Talvez isso seja assim por causa do hábito de buscar no passado (na “memória”, que é parte quase-integral da prudência, conforme disse Santo Tomás), o que acaba sendo um guia para o presente e para o futuro.
Ao menos o presente e o futuro provável.
É por isso que provavelmente o grande Cícero disse que “a história é mestra da vida” (magistra vitae); porque nos ensina a viver. E a morrer…
Até mesmo em tempos de coronavírus.
Pensando e re-pensando então nestes nossos dias de templos vazios, encontramos a história da famosa febre amarela de Buenos Aires (1871) em que, de uma cidade com 180.000 habitantes, foram levados 13.600, segundo os dados oficiais aproximativos.

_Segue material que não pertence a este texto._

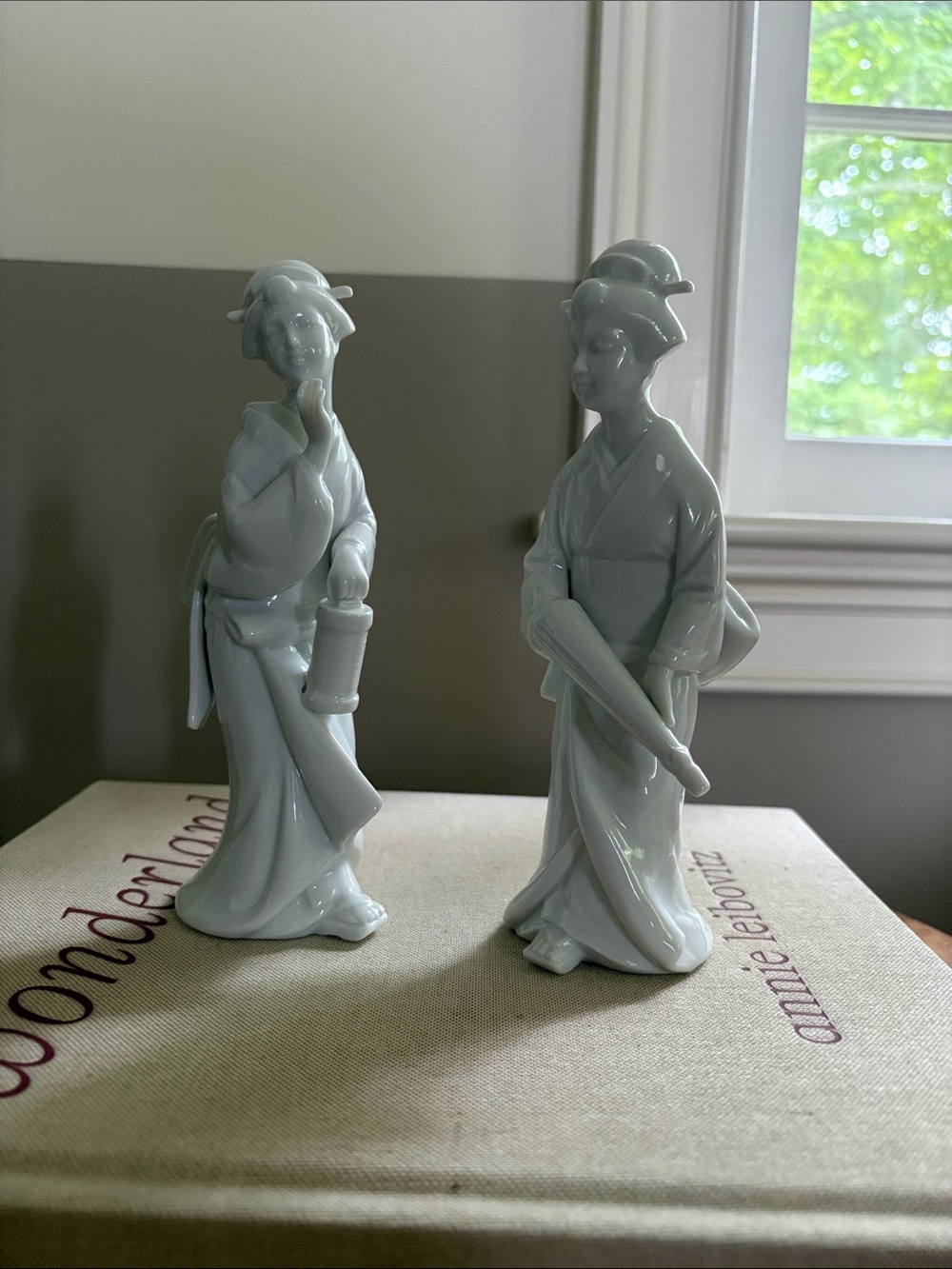 Homco Vintage Japanese Women Geisha Girls Figurines (pair) White Porcelain.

O que esses mesmos dados não narram é que houve um grupo social entre os falecidos que, contrariamente ao que o presidente maçom Samiento fez (escapou para a cidade de Mercedes a fim de fugir do contágio), viveu e morreu lado a lado com os enfermos. Referimo-nos aos 67 sacerdotes do clero de Buenos Aires que perderam heroicamente a vida, atendendo e ajudando aos enfermos e moribundos.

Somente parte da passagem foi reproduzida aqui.